Because good advice never gets old and the good ol’ Michael Yardney is nothing if not quotable:
… [i]n their haste to hitch on to this new property boom, many beginning investors have chosen to devalue “credibility” in favour of “believability.”
Let me explain the difference. Credibility requires education, track record and proof of value – all things produced by an investment in time. On the other hand, believability requires only the ability to create belief – and that’s so much easier to do today with a fancy website and a glossy brochure.
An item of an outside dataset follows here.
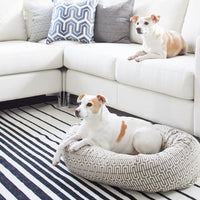 stylish dog bed
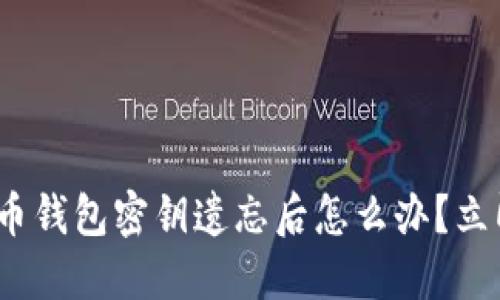 2025必看：比特币钱包密钥遗忘后怎么办？立即查看解决方案！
I’ve recently come across a new firm that is “pretending” they are Australia’s largest buyers agent. Despite having a small team they “pretend” they have offices in most Australian capital cities and New Zealand. I’m sure their glossy brochure and fancy website impresses lost of potential clients.
Then there are the seminars that make outrageous promises. Come to my course and I’ll teach you how to invest like the pros and buy property with options – you know what I mean… put down $1,000 and control millions of dollars worth of property. Or the ones that say buy my DVD course and become a property developer over the weekend. You know… build 4 units, sell 3 and keep one free of debt.
All this sounds too good to be true doesn’t it? OF COURSE IT DOES!
Now that the property market is recovering and inching towards a boom, all the pundits are out!
The APIA Elves are getting more than usual enquiries about various property coaches, seminar providers, authors, self-proclaimed experts and what-have-you’s. Running an independent organisation means that the Elves do not officially endorse any businesses or “professionals” (industry-recognised or otherwise) nor do we engage in peer reviews of other seminar providers.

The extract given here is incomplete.